→ **Exercise prompt**:
Leave the images aside and copy out the whole listing, exact to the word.

→ **Supplied material**:
= Beginning of Section =
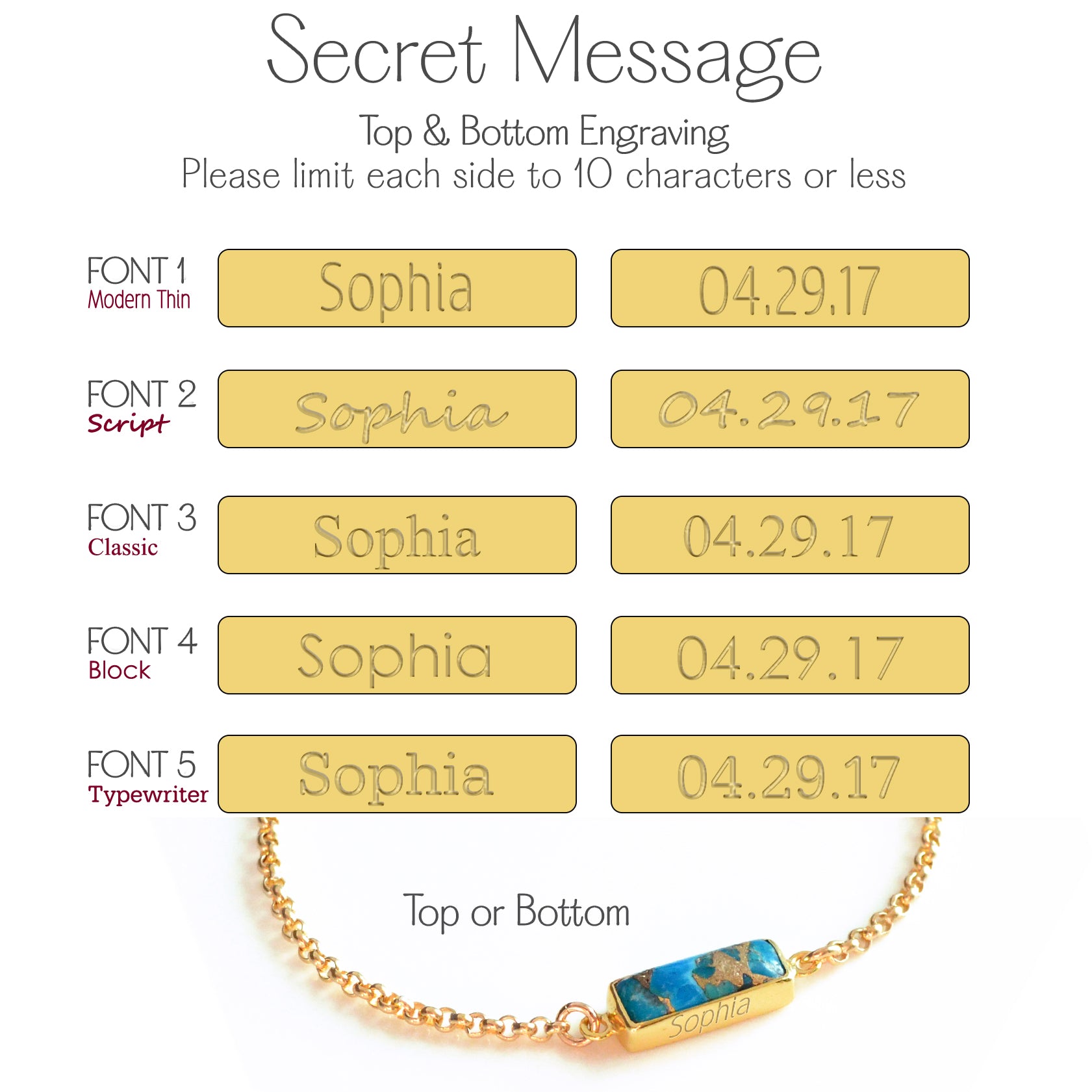 Choose from our engraving font options include modern thin, script, classic, block and typewriter. Please limit engraving text to 10 characters. 
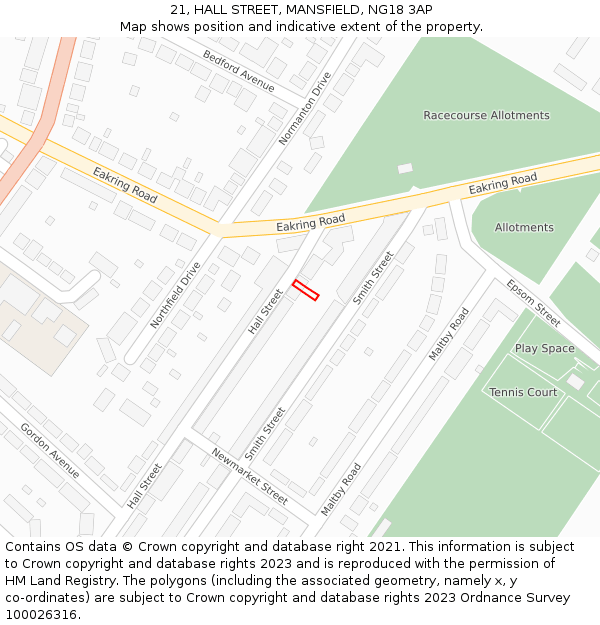 21, HALL STREET, MANSFIELD, NG18 3AP: Location map and indicative extent of plot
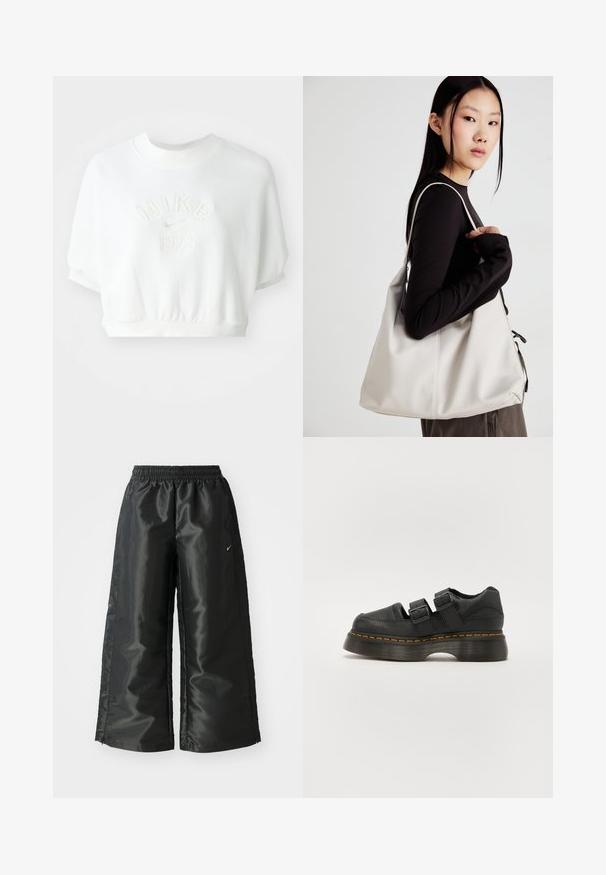 Pulover alb scurt, realizat dintr-un material moale. Previne un guler cu nervuri, o margine elastică și are un logo debosat "Nike 1972" în centru.; Pantaloni sportivi negri dintr-un material lucios si neted, dotati cu o talie elastica, picioare late si un logo mic pe partea stanga.; Pantof negri din piele cu două curele reglabile cu catarame, talpă texturată ridicată și cusături portocalii vizibile de-a lungul talpii intermediare.; Geantă bej din material moale, cu un design lejer, detalii cusute și două bretele pentru umăr. Potrivită pentru utilizarea zilnică.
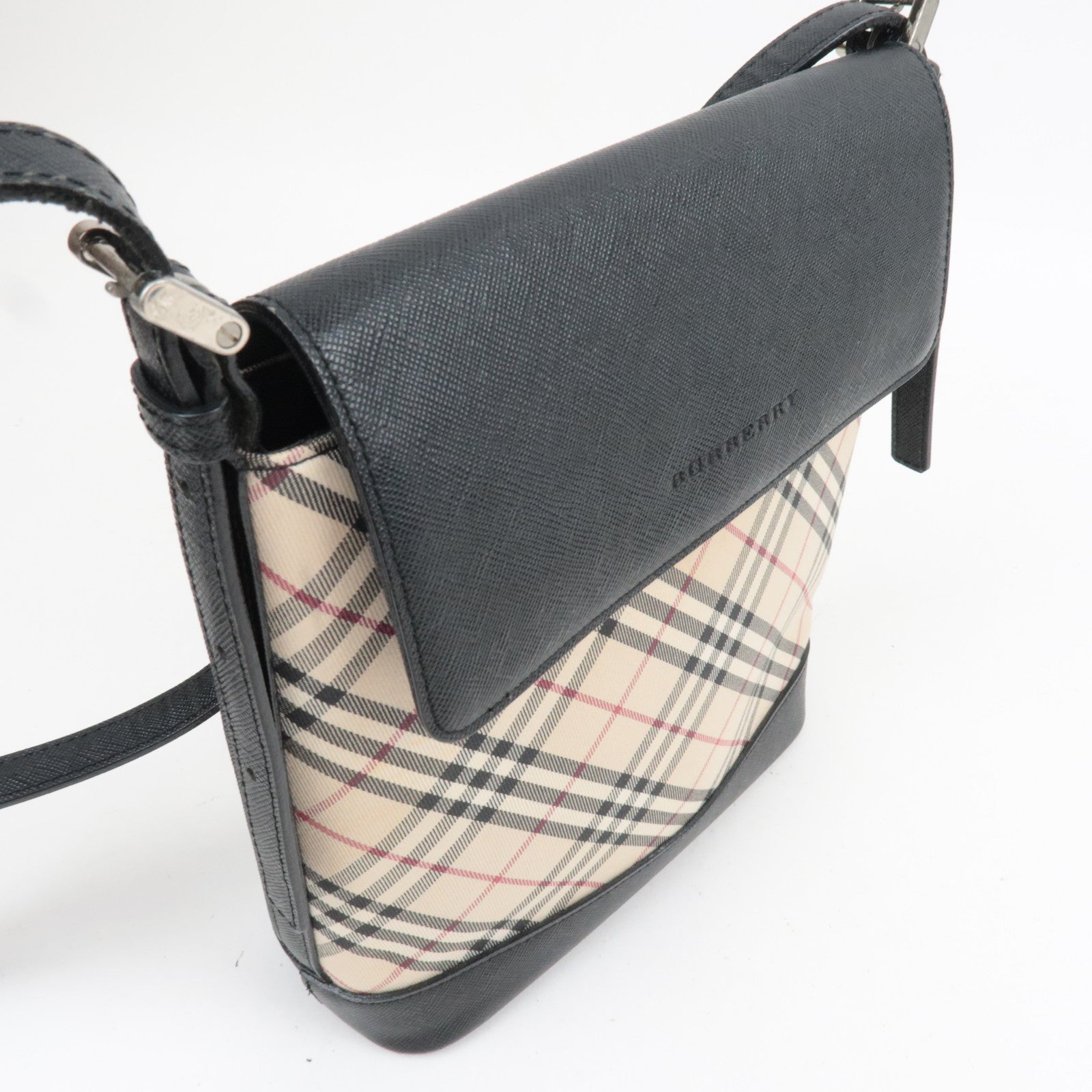 BURBERRY Nova Plaid Canvas Leather Shoulder Bag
= End of Section =
→ **Your response**:
 Choose from our engraving font options include modern thin, script, classic, block and typewriter. Please limit engraving text to 10 characters. 
 21, HALL STREET, MANSFIELD, NG18 3AP: Location map and indicative extent of plot
 Pulover alb scurt, realizat dintr-un material moale. Previne un guler cu nervuri, o margine elastică și are un logo debosat "Nike 1972" în centru.; Pantaloni sportivi negri dintr-un material lucios si neted, dotati cu o talie elastica, picioare late si un logo mic pe partea stanga.; Pantof negri din piele cu două curele reglabile cu catarame, talpă texturată ridicată și cusături portocalii vizibile de-a lungul talpii intermediare.; Geantă bej din material moale, cu un design lejer, detalii cusute și două bretele pentru umăr. Potrivită pentru utilizarea zilnică.
 BURBERRY Nova Plaid Canvas Leather Shoulder Bag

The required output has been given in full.